Are there any steps or templates that PDF Chemistry omits?

For example, I see that PDF Chemistry has DITA-specialized attributes in its merged HTML5 file to enable CSS styling, whereas the standard HTML5 output has these removed.

Thanks!

Post by **julien_lacour** » Thu Aug 06, 2020 5:51 pm

Hello Chris,

In fact the PDF Chemistry transformation is based on the PDF XSL-FO transformation but uses stylesheets from the HTML5 DITA-OT plugin during the pre-process. You can see this workflow inside the DITA-OT-DIR/plugins/com.oxygenxml.pdf.css/build.xml file.

The directory structure is specific to our transformation and is inspired from the pdf2 plugin (as I explained above)
Most of the HTML5 XSLT templates are used by the pdf-css-html5 plugin (the one using Chemistry) so potentially each modification in these stylesheet will impact the PDF output (and also possibly the WebHelp Responsive output).
Some of the templates are modified from the HTML5 basis, in this case they are inside DITA-OT-DIR/plugins/com.oxygenxml.pdf.css/xsl

You will also see the html5 stylesheet import inside DITA-OT-DIR/plugins/com.oxygenxml.pdf.css/xsl/merged2html5/html5.xsl (it is the parent stylesheet called to create the .merged.html file)

Regards,
Julien

Post by **chrispitude** » Sat Aug 22, 2020 4:02 pm

Julien, this is exactly the information I needed - thank you!

Post by **chrispitude** » Wed Sep 23, 2020 10:15 pm

For certain cross-references, we have a special title-only link text format specified with @outputclass:

Code: Select all

<xref href="#tableid" outputclass="title"/>

We then have code applied by the dita.xsl.topicpull extension point to implement it:

Code: Select all

  <!-- a cross-reference with outputclass=='title' always uses the target title text -->
  <xsl:template match="*[contains(@class, ' topic/table ') or contains(@class, ' topic/fig ')]"
                mode="topicpull:resolvelinktext" priority="20">
    <xsl:param name="linkElement" as="element()" tunnel="yes"/>
    <xsl:choose>

      <!-- business as usual if @outputclass != 'title' -->
      <xsl:when test="not($linkElement[contains(@outputclass, 'title')])">
        <xsl:next-match/>
      </xsl:when>

      <!-- force the title as the target text -->
      <xsl:otherwise>
        <xsl:variable name="target-text" as="xs:string*">
          <xsl:apply-templates
            select="*[contains(@class, ' topic/title ')]" mode="text-only"/>
        </xsl:variable>
        <xsl:value-of select="normalize-space(string-join($target-text, ''))"/>
      </xsl:otherwise>

    </xsl:choose>
  </xsl:template>

PDF Chemistry ignores my mode="insertReferenceTitle" template; I do not see it used in the merged XML code created by the merged2merged code, and I see that PDF Chemistry has its own mode="insertReferenceTitle" target text machinery instead at

<oxygen>/frameworks/dita/DITA-OT3.x/plugins/com.oxygenxml.pdf.css/xsl/merged2merged/merged-links.xsl

Now here's where I am confused.
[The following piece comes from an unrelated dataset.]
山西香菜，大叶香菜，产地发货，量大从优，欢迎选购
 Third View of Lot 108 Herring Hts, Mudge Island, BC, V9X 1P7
In my plugin, if I extend com.oxygenxml.pdf.css.xsl.merged2merged and add the following simple template, then *my* mode="topicpull:resolvelinktext" code is used!

Code: Select all

<xsl:template match="*" mode="insertReferenceTitle" priority="100">
  <xsl:next-match/>
</xsl:template>

But if I comment that template out, then PDF Chemistry's mode="insertReferenceTitle" code is used instead. The template above shouldn't change anything; it should simply fall through to the next template. But its presence or absence makes my template get applied or not applied, respectively.

What would cause this?

Post by **Dan** » Thu Sep 24, 2020 12:53 pm

I am not sure why this happens.

You can try debugging the XSLT transformation with oXygen - it is a bit complicated to setup this, but here is how it may be done:
The file you need to debug is:

DITA-OT/plugins/com.oxygenxml.pdf.css/xsl/merged2merged/merged.xsl

First, make a DITA transformation with the parameter "clean.temp" set to "no".
Then, in Oxygen XML Editor:

1. Then open the file stage1.xml file from the temporary directory.
2. Open the merged.xsl file and comment the line importing the template extension point:<xsl:import href="template:xsl/com.oxygenxml.pdf.css.xsl.merged2merged"/>
3. In the file merged-all.xsl from the same directory comment out: <xsl:import href="../review/review-pis-to-elements.xsl"/>
4. Validate the merged.xsl file, try to fix the errors by removing the missing templates calls "<xsl:call-template name="add-review-pis-for-root"/>", and by replacing calls to the function getImage(size) with zero.
5. Comment out the include to merged-tables.xsl from merged-all.xsl
6. Make a transformation, it should complete without errors.
7. Now make the transformation in the XSLT debugger.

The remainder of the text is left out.